DATA PROVIDED
§

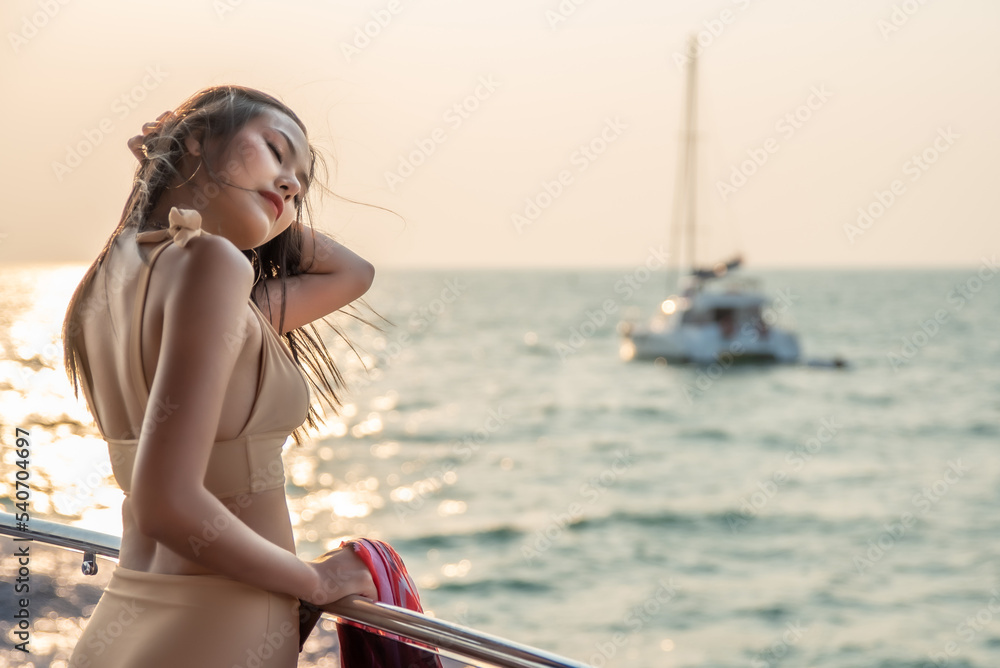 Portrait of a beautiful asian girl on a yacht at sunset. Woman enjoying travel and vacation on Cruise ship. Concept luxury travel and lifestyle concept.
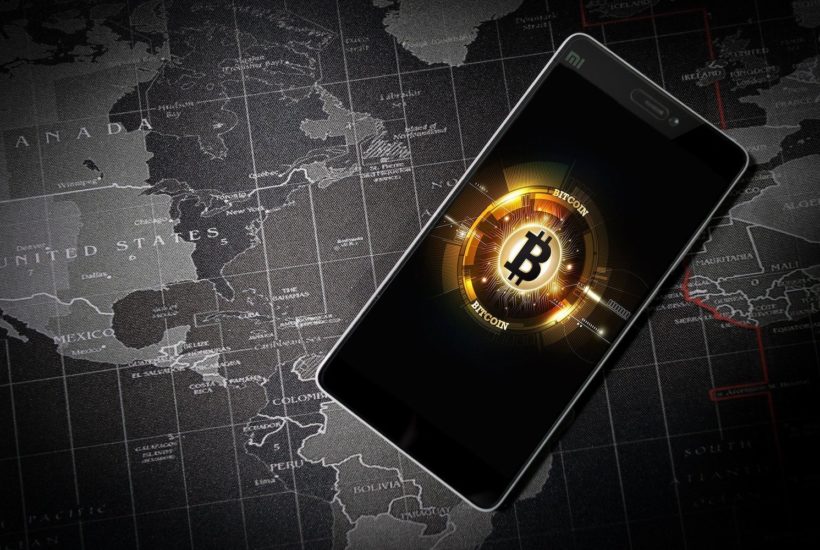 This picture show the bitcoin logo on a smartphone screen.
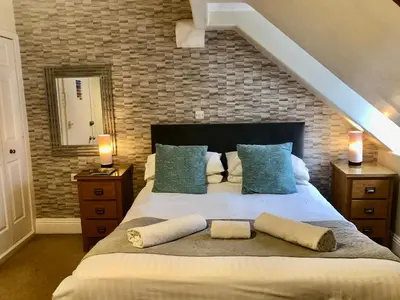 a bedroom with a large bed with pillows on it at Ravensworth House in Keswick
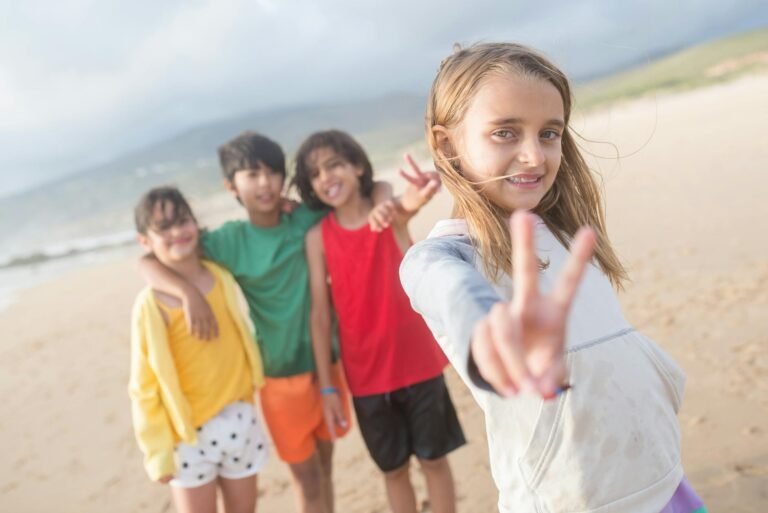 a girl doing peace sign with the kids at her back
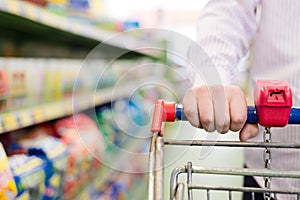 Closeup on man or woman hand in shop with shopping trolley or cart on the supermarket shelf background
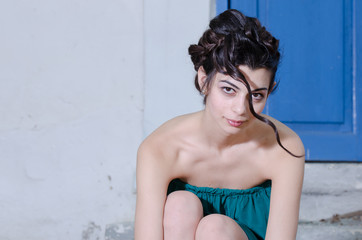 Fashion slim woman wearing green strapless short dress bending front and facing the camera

§

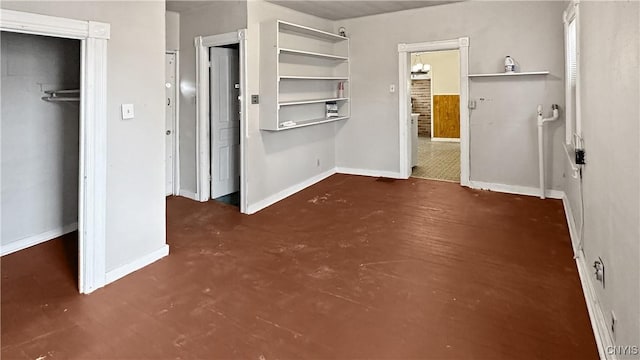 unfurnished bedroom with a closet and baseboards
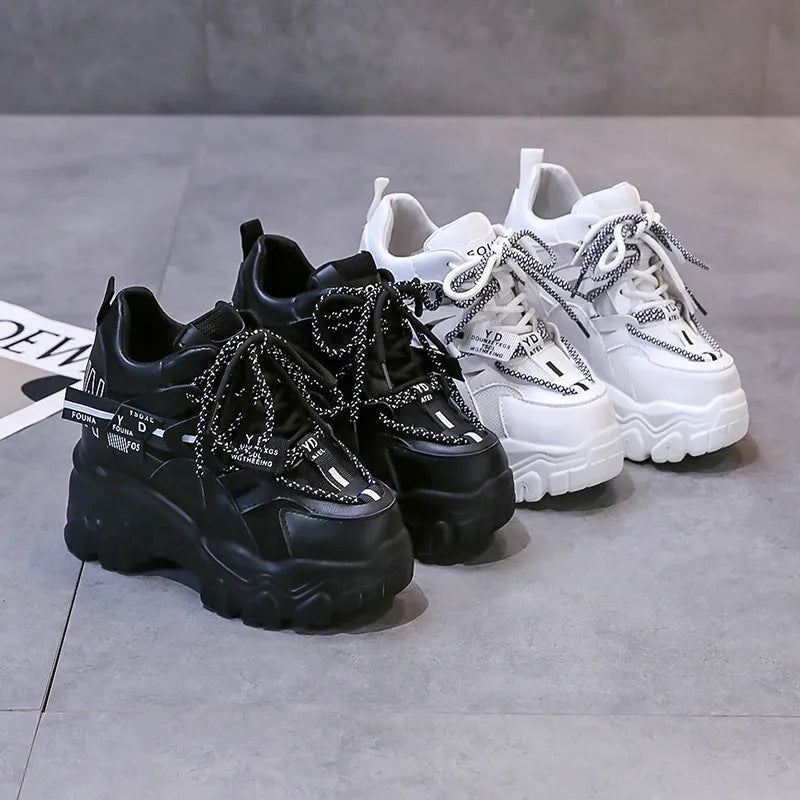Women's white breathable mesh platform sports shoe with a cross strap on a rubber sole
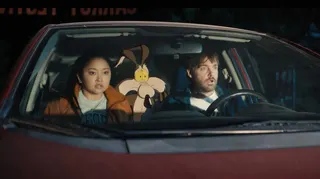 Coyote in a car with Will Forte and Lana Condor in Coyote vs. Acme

§

AIM OF THE EXERCISE
Copy only what runs above from the line containing "a bedroom with" through the line containing "Fashion slim woman", exactly. Leave out the pictures.

EXPECTED ANSWER
 a bedroom with a large bed with pillows on it at Ravensworth House in Keswick
 a girl doing peace sign with the kids at her back
 Closeup on man or woman hand in shop with shopping trolley or cart on the supermarket shelf background
 Fashion slim woman wearing green strapless short dress bending front and facing the camera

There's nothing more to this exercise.